Antique maple and mahogany two tier table featuring solid wood construction, unique rectangular shape tabletop and a lower open shelf sitting on a turned pedestal base with Duncan Phyfe style, splayed legs. a serpentine shaped top and intricate inlay banding.
Circa 1930's.
The table features cabriole legs. This distinctive style is characterized by its elegant, double-curved "S" shape.
The upper curve is convex (bowing outward, resembling a knee), and the lower curve is concave (bowing inward, resembling an ankle).
The cabriole leg design has a timeless charm and originated in ancient China, later becoming popular in European furniture during the early 18th century, particularly associated with Queen Anne and Chippendale styles.

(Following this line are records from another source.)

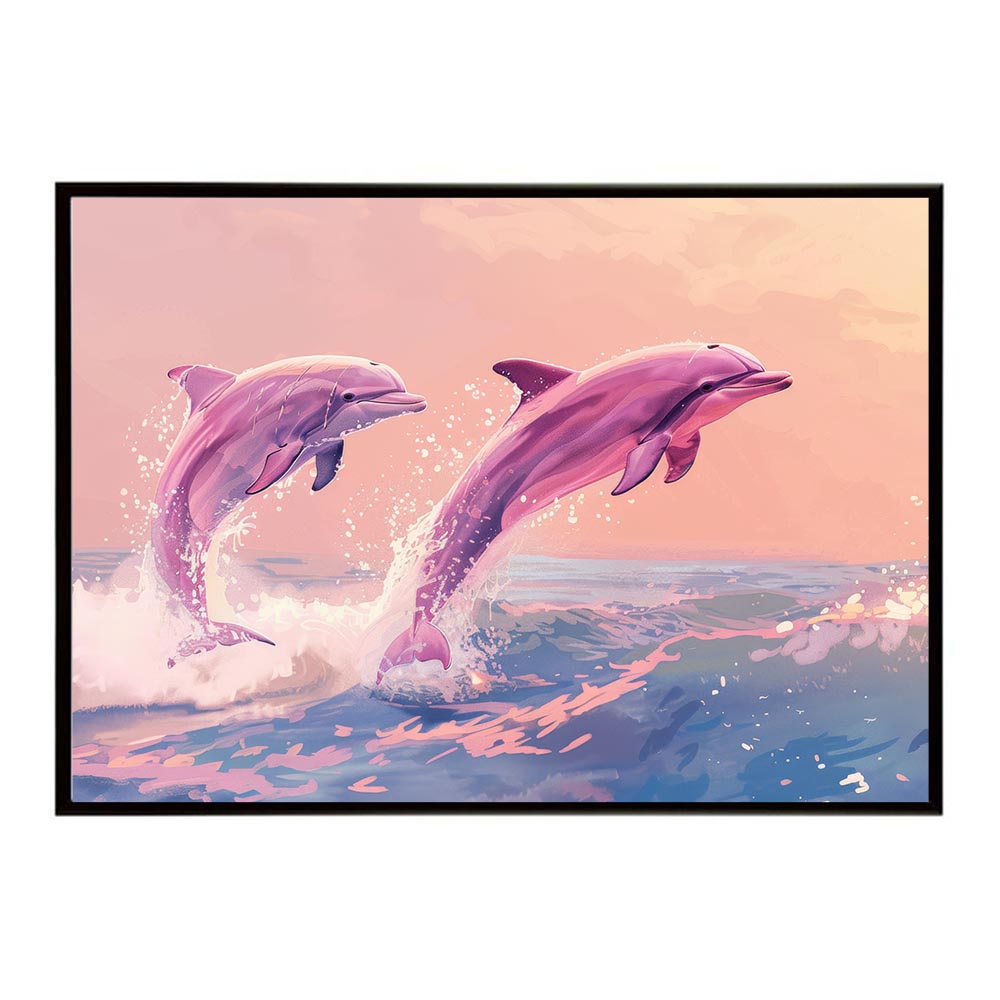 イルカ 海 ブルー ドルフィン 夏 ポスター クジラ シャチ 水族館 水中　南国 ハワイ 自然 サーフ用紙とサイズが選べる インテリア おしゃれ プリントポスター フォト オシャレ アート お洒落 特大 大きい【lh-poster-6101】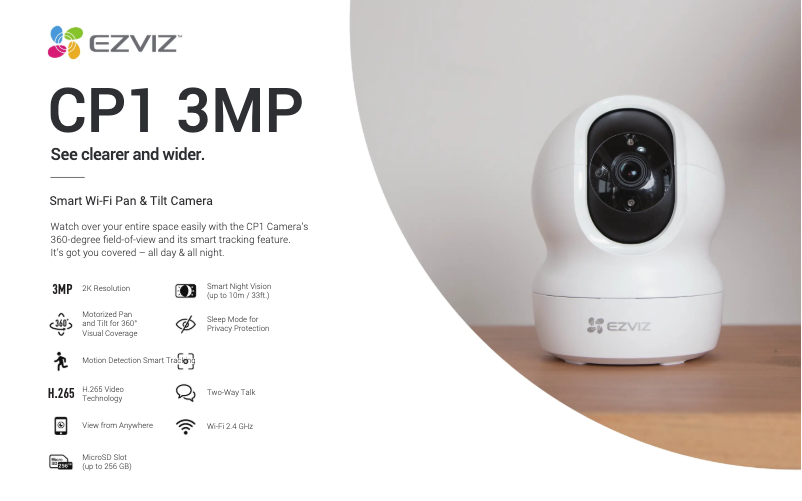 Image de la première page du manuel de l'appareil CP1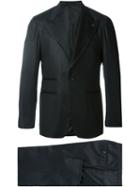 Gabriele Pasini Two-piece Suit, Men's, Size: 50, Black, Cupro/viscose/virgin Wool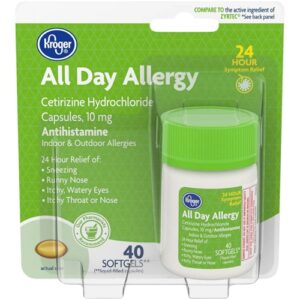 Comprar kroger® all day allergy softgels -- 40 softgels preço no brasil allergies allergy & sinus homeopathic remedies suplementos em oferta vitamins & supplements suplemento importado loja 71 online promoção -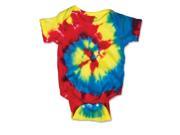 Dyenomite 4400MS 100 Percent Cotton Multi Spiral Infant Creeperfor Baby Rainbow 6 Months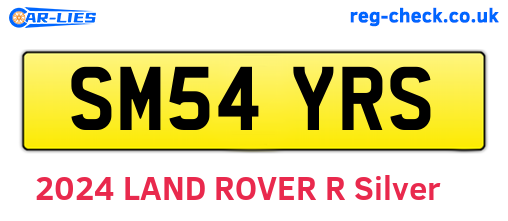 SM54YRS are the vehicle registration plates.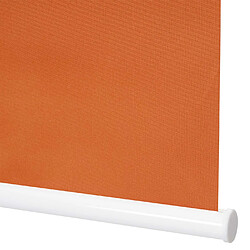 Mendler Store à enrouleur pour fenêtres, HWC-D52, avec chaîne, avec perçage, isolation, opaque, 100 x 230 ~ orange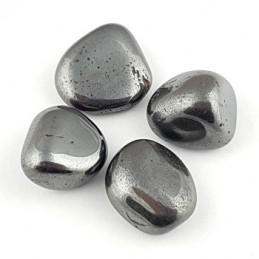 Hematyt kamień bębnowany  1 x 1 cm - zestaw 3 szt
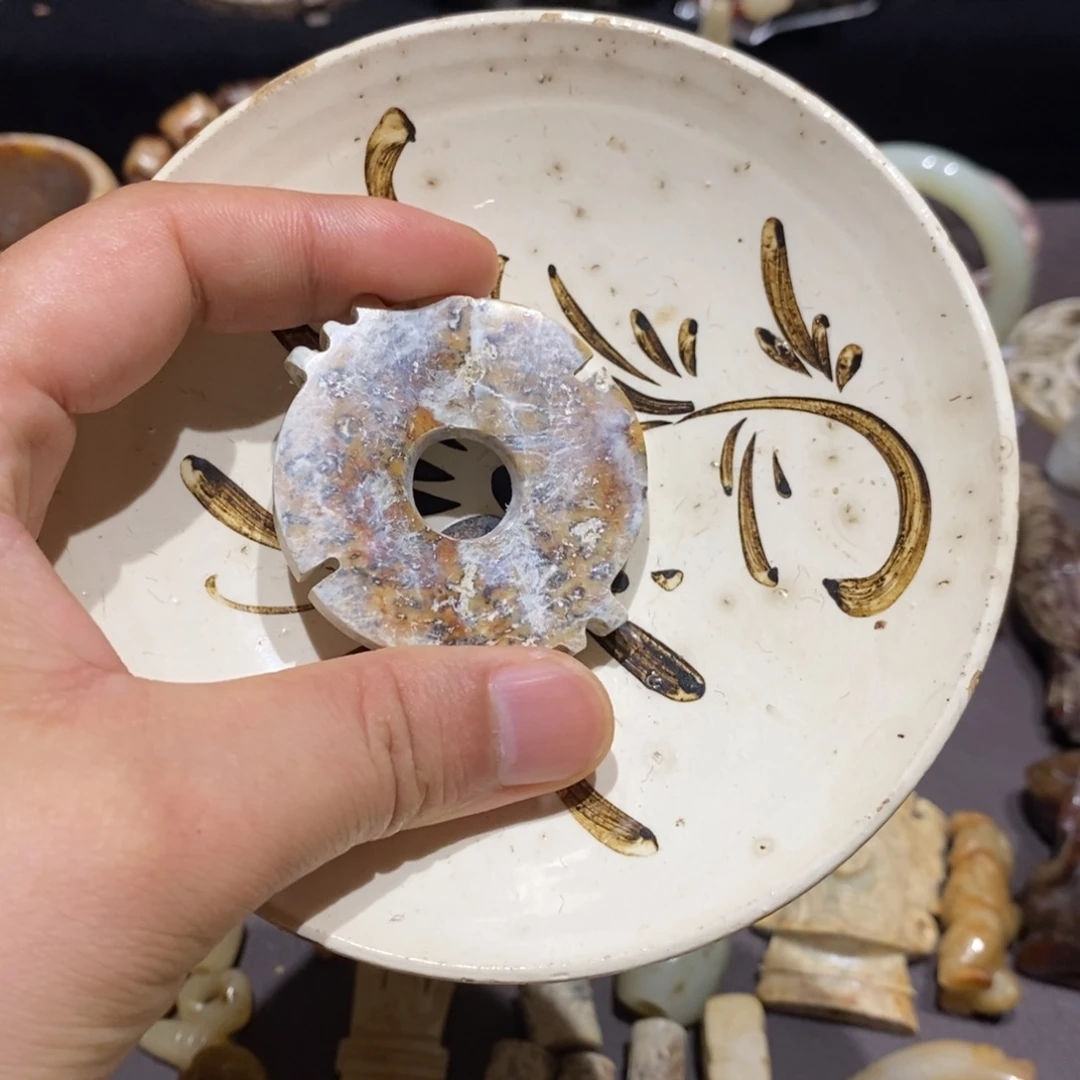 沉***珠瓷片白底印花好物推荐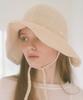 LAMINEZ Rattan Strap Bucket Hat - Ivory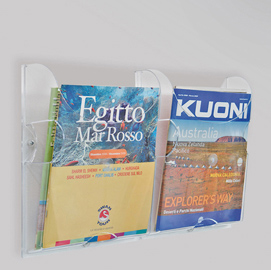 Portariviste da parete ice - tasca a4 - tecnostyl - set 2 pezzi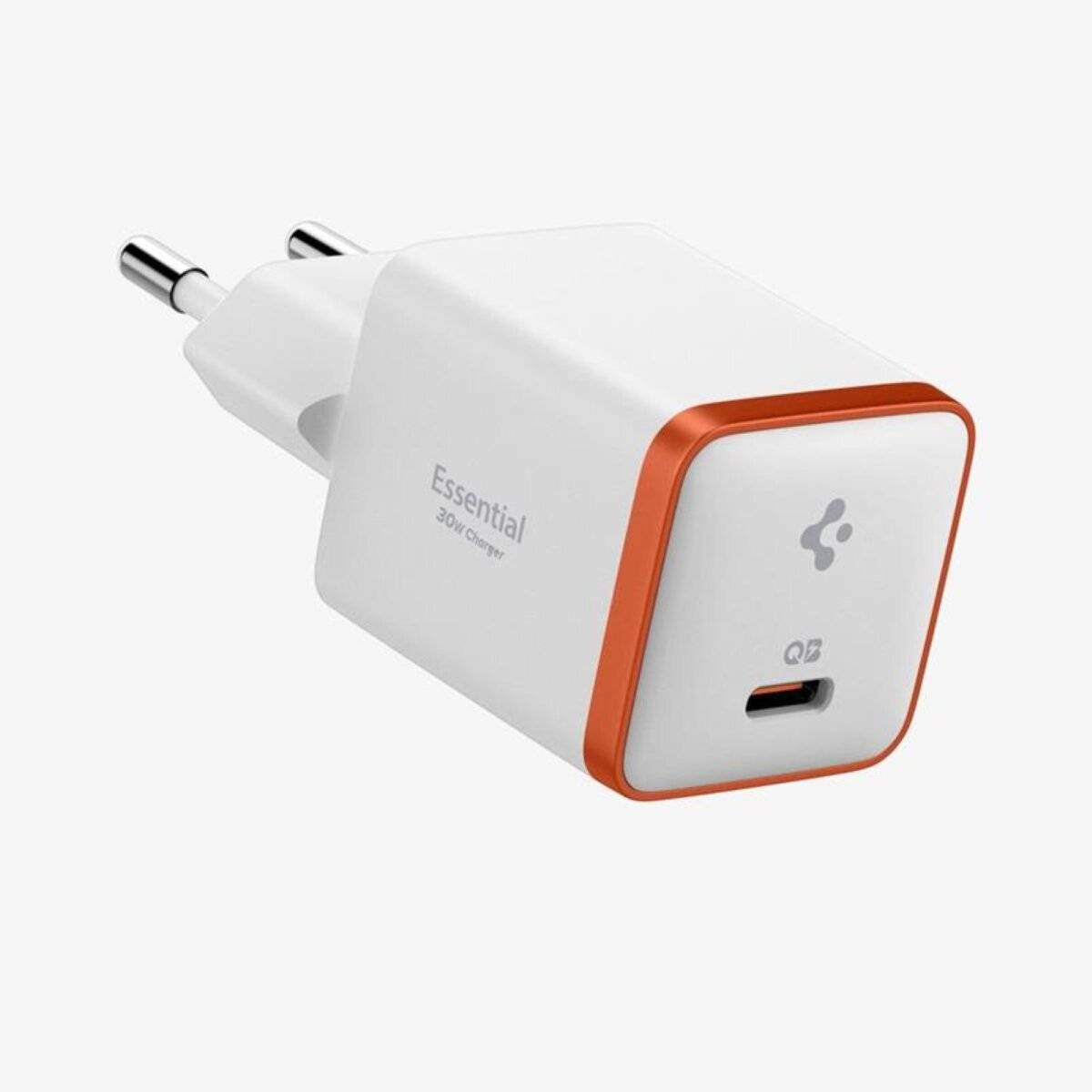 Wand-Ladegerät USB-C PD + QC3.0 30W - kompatibel mit iOS, Android Weiß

The legs on this table splay outward and narrow as they reach the floor, contributing to an elegant and sophisticated appearance.
Duncan Phyfe (1770-1854) was a Scottish émigré who established one of the most successful furniture-making operations in New York in the early nineteenth century. Phyfe produced furniture in the newest, Neoclassical style which was widely sought after by affluent consumers in New York and beyond in places as far south as the Caribbean. Thomas Cornell Pearsall (1768-1820), a New York merchant, commissioned Duncan Phyfe to make the spectacular swivel-top "pillar-and-claw" card tables for his family home on the East River known as "Belmont." The Pearsalls arranged Belmont with these card tables and another suite of chairs and sofas (1960.4.1-15), donated to the Metropolitan Museum in 1960, with a sella curulis or curule style crossed base designed after ancient Roman folding chairs.